Anda bisa berpendapat bahwa ini adalah film feminis, argumen yang akan saya serahkan kepada orang-orang yang lebih kompeten daripada saya untuk mengemukakannya, tetapi film ini menonjol di titik dalam perfilman di mana Anda jarang melihat wanita dalam peran yang begitu kuat dan tanpa malu-malu feminin. Ada momen-momen di mana Roberts menyampaikan teguran terhadap kekuasaan yang korup – terutama satu adegan di mana dia mencabik-cabik beberapa anggota dewan – tetapi momen kegembiraan di akhir film bukanlah tentang musuh, melainkan tentang pencapaian pribadi Erin sendiri, dan pencapaian yang sangat lucu. Film ini memberikan perasaan nyaman tanpa rasa marah yang berlebihan, bahkan ketika keadilan telah ditegakkan.
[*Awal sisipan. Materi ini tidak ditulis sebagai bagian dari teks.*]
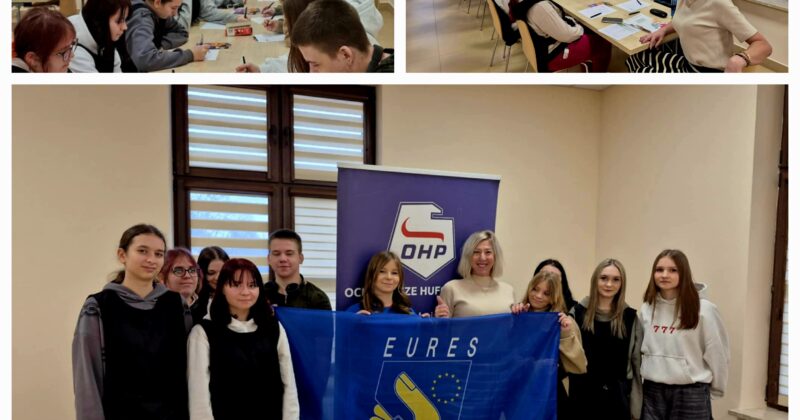 WARSZTATY PROMUJĄCE EURES
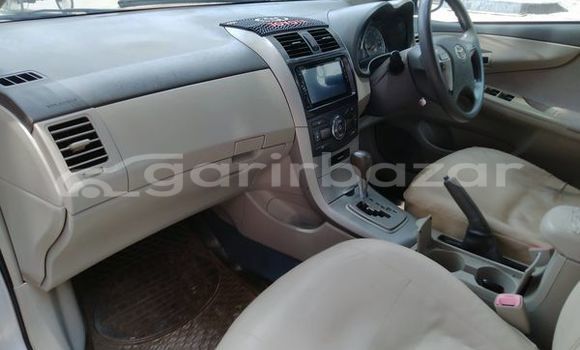 Buy Used 2010 Toyota Axio in Bajitpur, Kishorganj Buy Used 2010 Toyota Axio in Bajitpur, Kishorganj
Erin Brockovich adalah bagian dari tahun yang luar biasa bagi Soderbergh, di mana dua filmnya akhirnya dinominasikan untuk Oscar Sutradara Terbaik. Film lainnya adalah Traffic, yang akan dirilis di akhir tahun 2000, dan yang membuatnya memenangkan penghargaan tersebut. Namun, Erin Brockovich mungkin merupakan filmnya yang paling terkendali dan agak mainstream di luar usahanya dalam film-film blockbuster yang mewah. Ini adalah film biografi yang dibintangi oleh seorang wanita yang mengatasi rintangan dan tidak hanya menang, tetapi juga menemukan tujuan dan rasa hormat.
Fakta bahwa film ini juga meraih kesuksesan besar di box office, membuktikan bahwa drama yang dipimpin oleh wanita dapat menghasilkan uang, adalah pelengkap yang sempurna. Erin Brockovich adalah salah satu film terbaik tahun 2000. Film ini juga, bisa dibilang, salah satu drama paling penting dan berpengaruh dalam beberapa dekade terakhir.